Segment Start: Data to examine
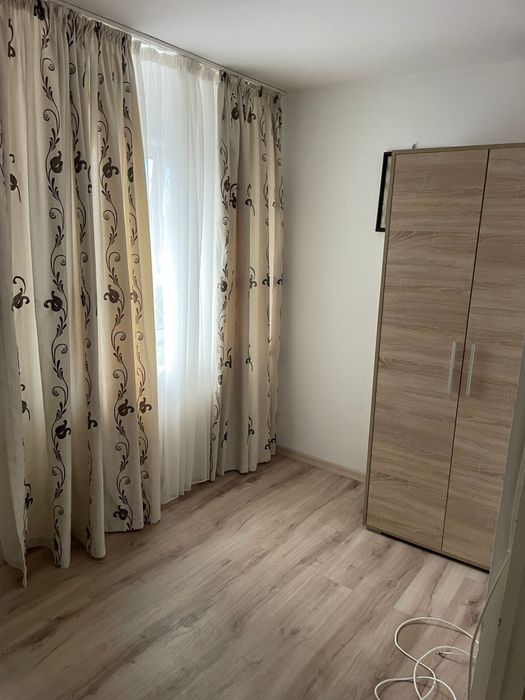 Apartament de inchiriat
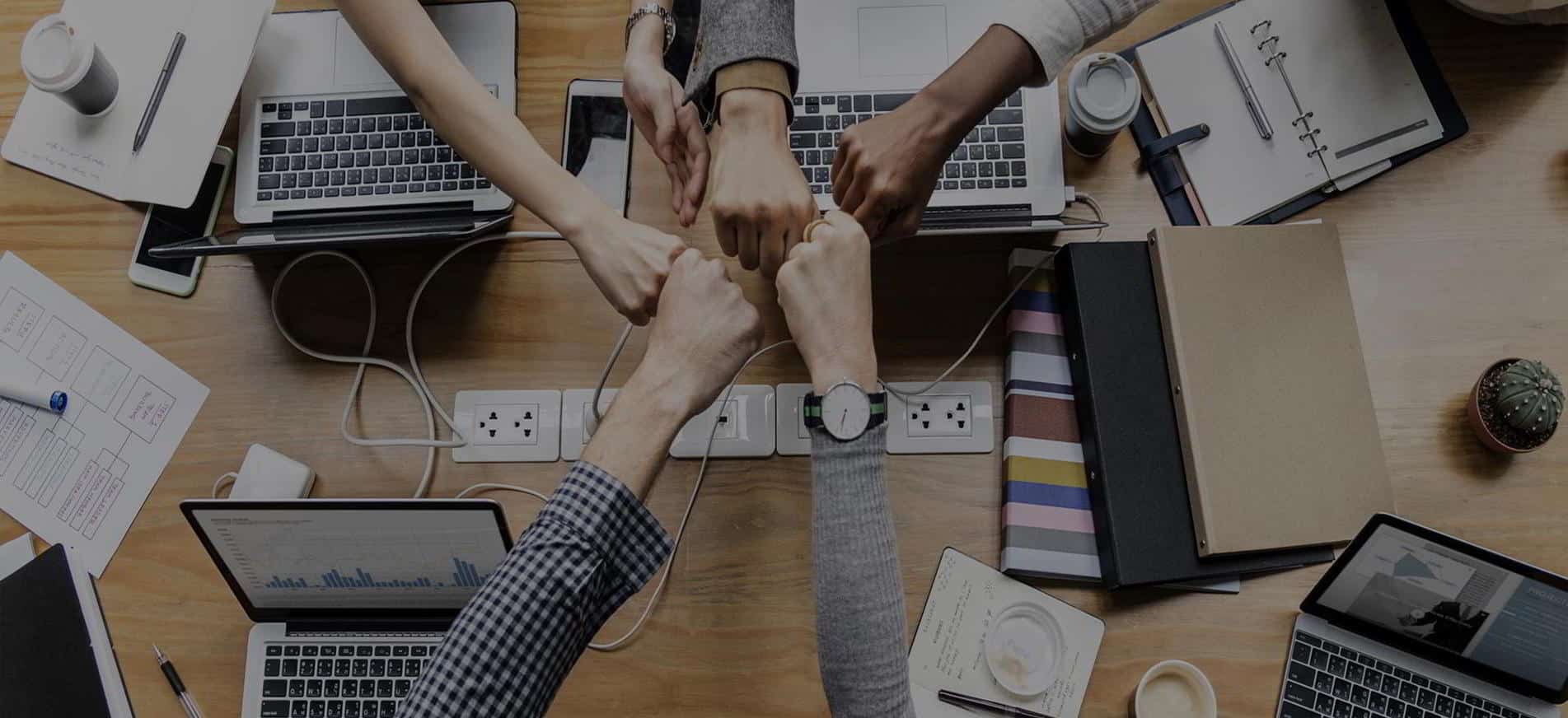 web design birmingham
Segment End: Data to examine
Segment Start: Data to examine
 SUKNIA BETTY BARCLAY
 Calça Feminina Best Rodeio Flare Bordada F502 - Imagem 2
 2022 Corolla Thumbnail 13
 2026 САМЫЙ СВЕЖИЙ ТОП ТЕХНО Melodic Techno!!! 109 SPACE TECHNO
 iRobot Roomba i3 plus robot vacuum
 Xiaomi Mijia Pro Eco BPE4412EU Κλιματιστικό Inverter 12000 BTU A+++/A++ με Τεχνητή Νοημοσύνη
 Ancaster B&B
Segment End: Data to examine
- **Problem requirements**:
Whatever else the listing above holds, retype exactly only the lines from the one containing "SUKNIA BETTY BARCLAY" to the one containing "Ancaster B&B", both ends kept.

- **Answer for this exercise**:
 SUKNIA BETTY BARCLAY
 Calça Feminina Best Rodeio Flare Bordada F502 - Imagem 2
 2022 Corolla Thumbnail 13
 2026 САМЫЙ СВЕЖИЙ ТОП ТЕХНО Melodic Techno!!! 109 SPACE TECHNO
 iRobot Roomba i3 plus robot vacuum
 Xiaomi Mijia Pro Eco BPE4412EU Κλιματιστικό Inverter 12000 BTU A+++/A++ με Τεχνητή Νοημοσύνη
 Ancaster B&B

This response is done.